The way that pairs of relationships increase with the size of a network is quite unexpected. We often experience this phenomenon when we clink champagne glasses at a celebration. When there are only three or four people, it’s quite easy. Just a handful of clinks and it’s done. But if you have a dozen people, it’s surprisingly harder, requiring more than sixty clinks. And if you have than twenty people, it then rises to a couple of hundred clinks.

Robert Metcalfe was one of the most influential technologists of the 20th century. He’s attained near legendary status in the industry. But he didn’t always get his forecasts right. Amongst other things, he predicted the imminent collapse of the Internet and the death of open source software! When the Internet failed to collapse, Robert was compelled to eat his words, literally, by placing a paper copy of his forecast in a blender.

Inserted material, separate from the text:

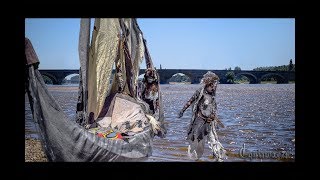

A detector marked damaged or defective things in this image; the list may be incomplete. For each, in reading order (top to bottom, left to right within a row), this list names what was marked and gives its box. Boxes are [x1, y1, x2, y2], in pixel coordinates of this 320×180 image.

tattered sail [25, 18, 168, 162]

In fact Metcalfe understated the network relationship potential. Reed’s Law, named after David Reed, an adjunct professor at MIT Media Lab and former Chief Scientist for Lotus Development Corporation, points out that the value of social networks scales exponentially with the number of members. That’s because network relationships are not just confined to pairs. We also need to take account of larger sub-groups.

Exponential growth is a much faster rate of growth, proportional to the function’s current value. For any exponentially growing quantity, the larger the quantity gets, the faster it grows. It’s the sort of growth you get by progressive doubling, or even tripling. It’s a sneaky form of growth, starting low and rising fast.

For example, if you place a single grain of wheat on the first square of a chessboard, then two grains on the next square, and so on, then by the time you reach the last square, you’ll have reached more than a thousand times the total annual wheat production of the Earth. Early in the doubling sequence, the true power is not apparent to an observer. But after a few dozen operations the numbers become enormous.

Figure 1.1 overleaf illustrates the difference in growth between these two laws.

Theories, such Reed’s Law, are purely academic if we don’t know how to exploit them for real business value. But the potential prize is massive. There is huge latent value, perhaps waiting to be tapped in any large social network. This is why venture capitalists have been paying so much attention to investments in social networking technologies.

How hard can it be to exploit the power lurking in networks? That’s the 64 dollar question. If we could find a way to tap just a small percentage of this power, then it would be valuable. In fact, there are some features of social networks that suggest it might be easier than we imagine.